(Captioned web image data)

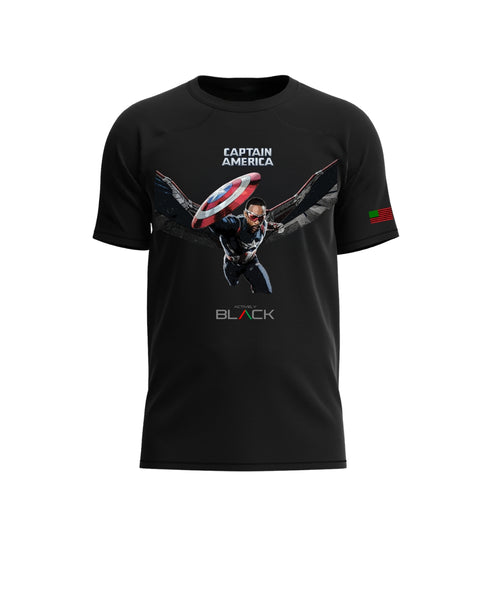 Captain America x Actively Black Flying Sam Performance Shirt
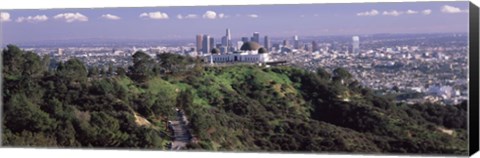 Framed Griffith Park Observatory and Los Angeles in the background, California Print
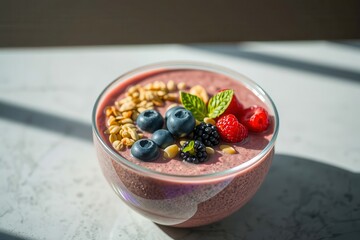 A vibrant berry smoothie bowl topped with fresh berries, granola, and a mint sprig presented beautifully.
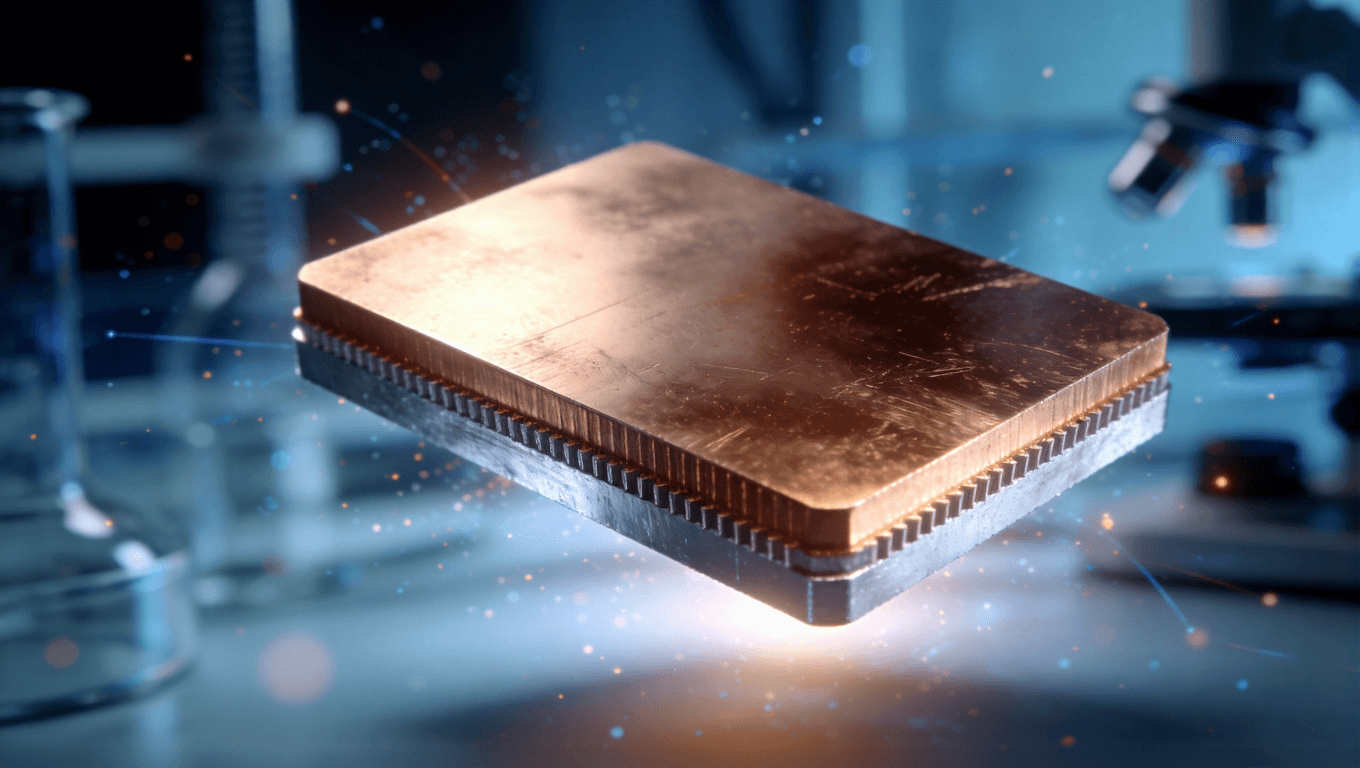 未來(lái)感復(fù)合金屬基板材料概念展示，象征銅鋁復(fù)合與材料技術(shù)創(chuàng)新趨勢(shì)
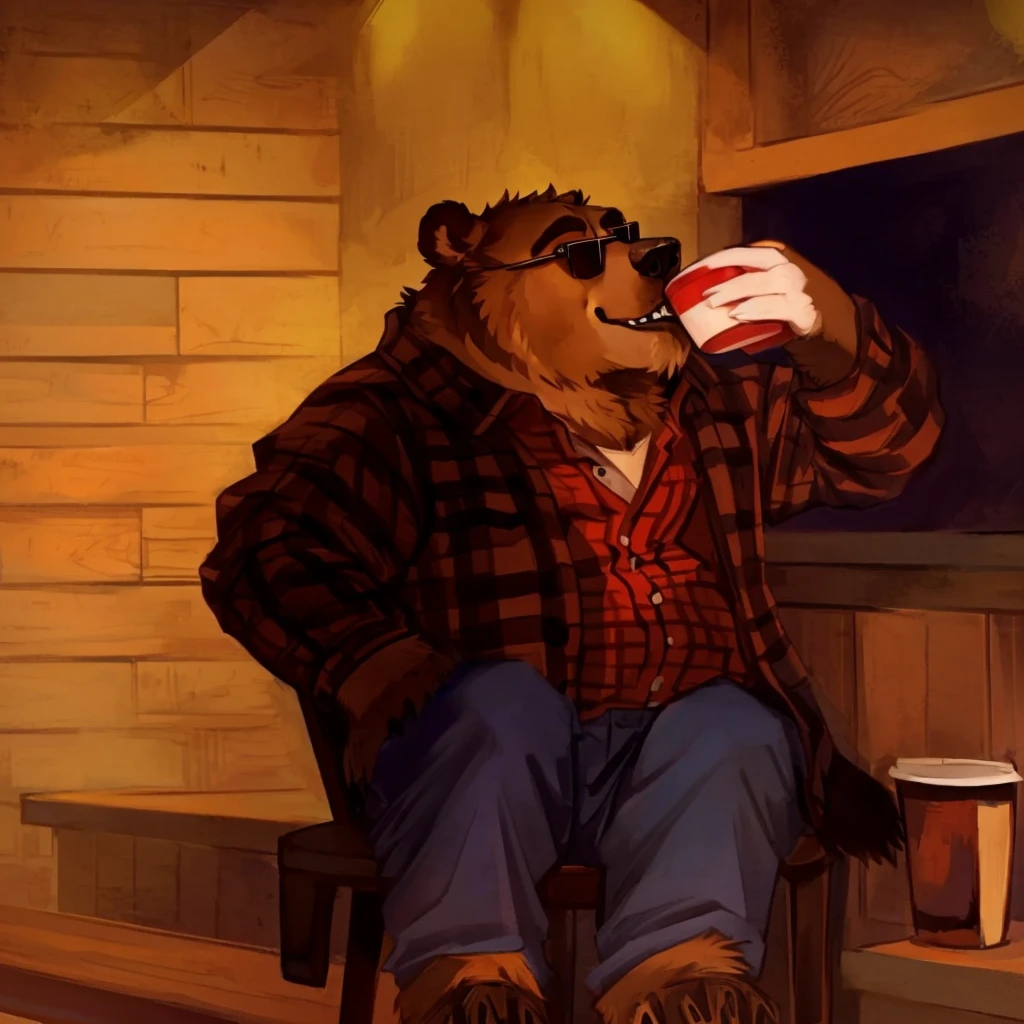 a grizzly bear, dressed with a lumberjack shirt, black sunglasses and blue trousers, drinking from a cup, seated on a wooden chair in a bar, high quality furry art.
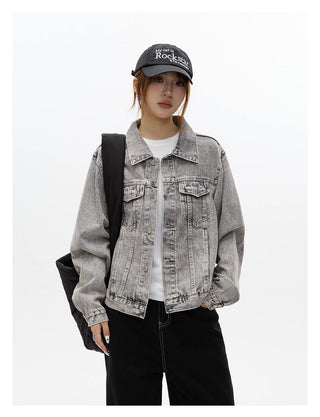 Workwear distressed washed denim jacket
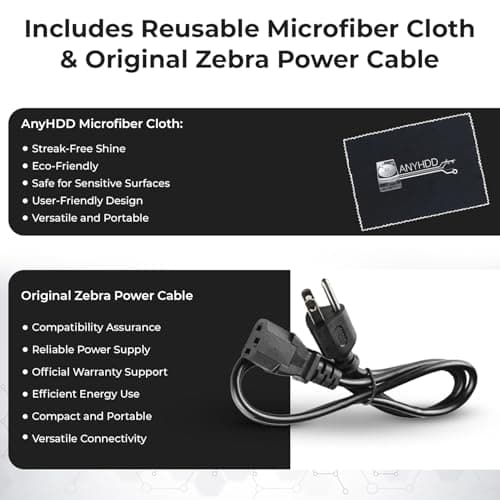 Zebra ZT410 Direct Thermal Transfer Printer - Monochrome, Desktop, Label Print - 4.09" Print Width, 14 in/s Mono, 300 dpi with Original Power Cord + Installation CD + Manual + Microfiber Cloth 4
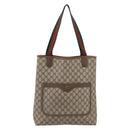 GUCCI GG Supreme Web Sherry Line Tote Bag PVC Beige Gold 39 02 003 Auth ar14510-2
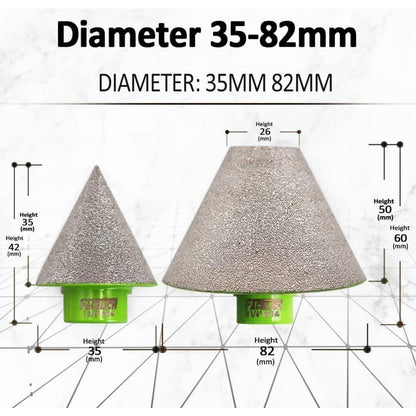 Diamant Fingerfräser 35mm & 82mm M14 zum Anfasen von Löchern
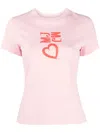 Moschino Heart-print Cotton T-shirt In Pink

WHAT IS EXPECTED ▸
Print the lines from the line with "Workwear distressed washed denim jacket" to the end of the data above. Include both ends, exclude the pictures, and add nothing else.

RESPONSE FOR THIS EXERCISE ▸
 Workwear distressed washed denim jacket
 Zebra ZT410 Direct Thermal Transfer Printer - Monochrome, Desktop, Label Print - 4.09" Print Width, 14 in/s Mono, 300 dpi with Original Power Cord + Installation CD + Manual + Microfiber Cloth 4
 GUCCI GG Supreme Web Sherry Line Tote Bag PVC Beige Gold 39 02 003 Auth ar14510-2
 Diamant Fingerfräser 35mm & 82mm M14 zum Anfasen von Löchern
 Moschino Heart-print Cotton T-shirt In Pink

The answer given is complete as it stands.